Background information
- Origin: Città, San Marino
- Years active: 1843-present
- Website: www.bandamilitaresanmarino.org

= Band of the Sammarinese Armed Forces =

The Band of the Sammarinese Armed Forces (Banda militare della Forze Armate Sammarinesi) is a Sammarinese ceremonial military band in San Marino which serves under the Company of Uniformed Militia of the armed forces. The current band director is Stefano Gatta, who has served in the band since 1990. It is currently based on Via Pietro Tonnin in the Sammarinese capital of San Marino City.

==History and functions==
The band's establishment dates back to 12 June 1843, when it was associated with the Voluntary Uniformed Militia Corps. By decree, it was founded with Luigi Para, a Sammarinese musician and a pupil of composer Gioachino Rossini, acting as its first commander and musical director.

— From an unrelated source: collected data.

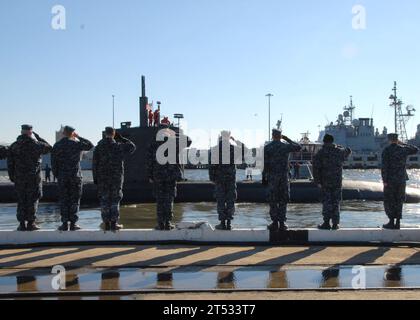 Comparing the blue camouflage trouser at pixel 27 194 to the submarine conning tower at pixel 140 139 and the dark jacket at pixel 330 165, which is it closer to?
the dark jacket at pixel 330 165

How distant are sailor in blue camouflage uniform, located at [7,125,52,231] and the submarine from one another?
Answer: 15.9 m

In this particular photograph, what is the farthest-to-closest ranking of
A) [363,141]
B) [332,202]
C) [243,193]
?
1. [363,141]
2. [243,193]
3. [332,202]

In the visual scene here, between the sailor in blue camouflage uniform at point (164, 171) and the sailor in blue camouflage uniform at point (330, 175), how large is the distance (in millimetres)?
2612

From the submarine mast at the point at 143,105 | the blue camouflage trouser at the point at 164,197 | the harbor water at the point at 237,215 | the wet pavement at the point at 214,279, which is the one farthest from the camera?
the submarine mast at the point at 143,105

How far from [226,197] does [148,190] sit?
1907 centimetres

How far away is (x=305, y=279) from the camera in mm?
6332

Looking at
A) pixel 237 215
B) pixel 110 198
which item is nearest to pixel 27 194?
pixel 110 198

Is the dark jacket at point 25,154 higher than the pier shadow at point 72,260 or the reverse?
higher

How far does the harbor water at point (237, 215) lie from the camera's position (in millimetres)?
19766

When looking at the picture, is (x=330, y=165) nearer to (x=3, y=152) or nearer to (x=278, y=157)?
(x=278, y=157)

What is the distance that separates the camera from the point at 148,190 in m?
28.3

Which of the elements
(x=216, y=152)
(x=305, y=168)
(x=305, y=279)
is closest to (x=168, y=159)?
(x=216, y=152)

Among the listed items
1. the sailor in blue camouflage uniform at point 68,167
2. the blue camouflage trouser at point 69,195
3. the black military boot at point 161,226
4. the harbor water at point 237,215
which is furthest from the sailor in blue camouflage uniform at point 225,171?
the harbor water at point 237,215

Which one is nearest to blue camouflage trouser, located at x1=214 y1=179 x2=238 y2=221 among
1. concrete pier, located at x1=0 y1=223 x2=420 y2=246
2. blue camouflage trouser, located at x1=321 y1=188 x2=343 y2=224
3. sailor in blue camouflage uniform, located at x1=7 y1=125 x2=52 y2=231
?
concrete pier, located at x1=0 y1=223 x2=420 y2=246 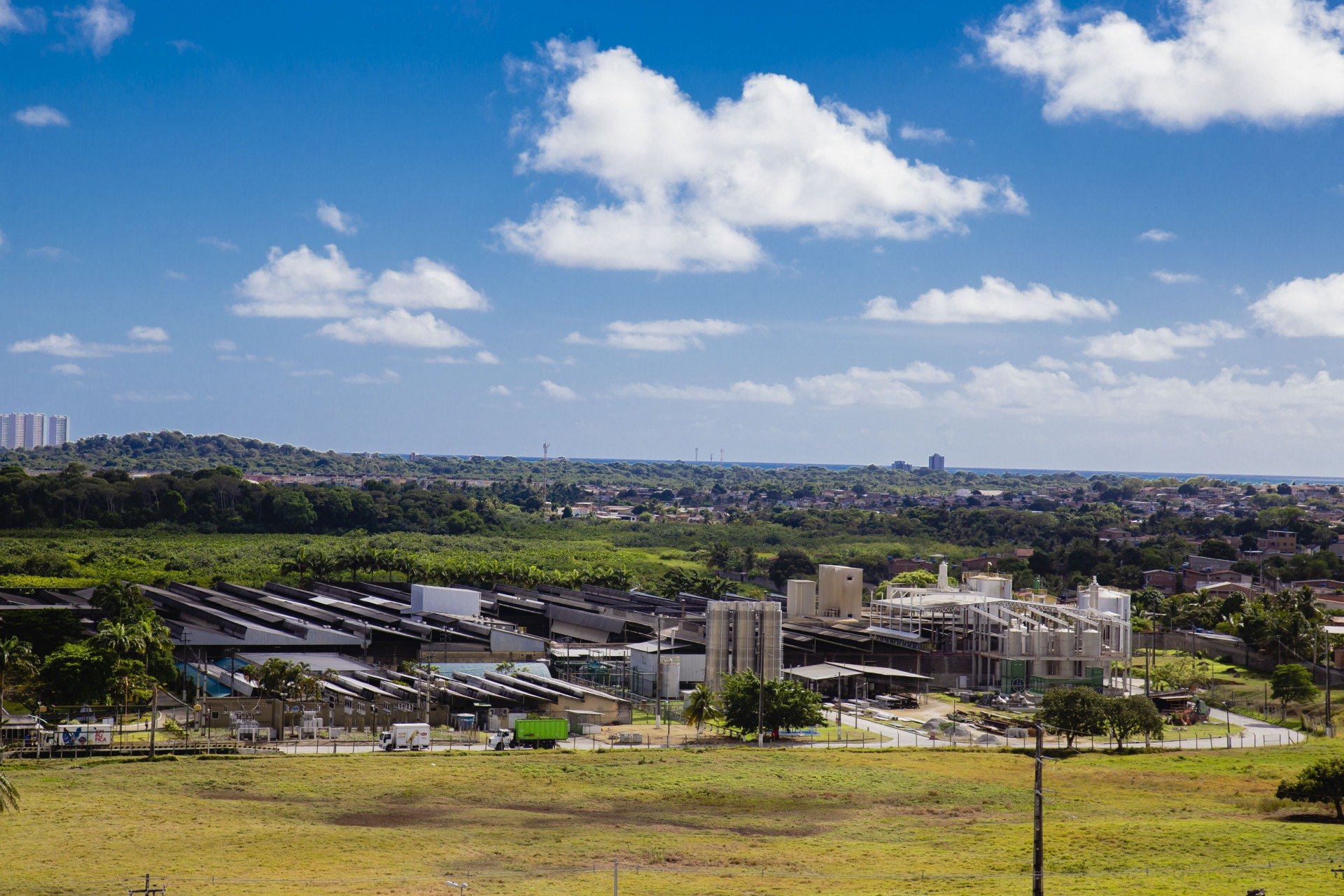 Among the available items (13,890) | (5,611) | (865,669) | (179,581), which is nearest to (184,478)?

The band, which currently comprises 60 musicians, has participated in several international festivals of music and military tattoos, most notably the International Music Festival in Italy, the Albertville Military Tattoo in France, and the Prague Tattoo in the Czech Republic. The military band accompanies the military forces of San Marino as they parade through the streets several times a day. With San Marino being a very small country, the band takes part in all official ceremonies in the country. It is one of the few military bands in the world to be composed of non-professional and inexperienced volunteers.

==Uniform==
The uniform is, for the most part, similar to the Uniformed Militia's uniform, with notable differences being in decoration:

- Ceremonial uniform: The uniform is dark blue, and includes a white cross-strap, white and blue sash, white epaulettes, and white decorated cuffs. It also includes a kepi bearing a blue and white hackle plume.
- Dress uniform: A dark blue jacket and tie with a blue shirt for NCOs and a white shirt for the chief director. On the left sleeve, there is a shield with a harp in place of the military emblem of the country.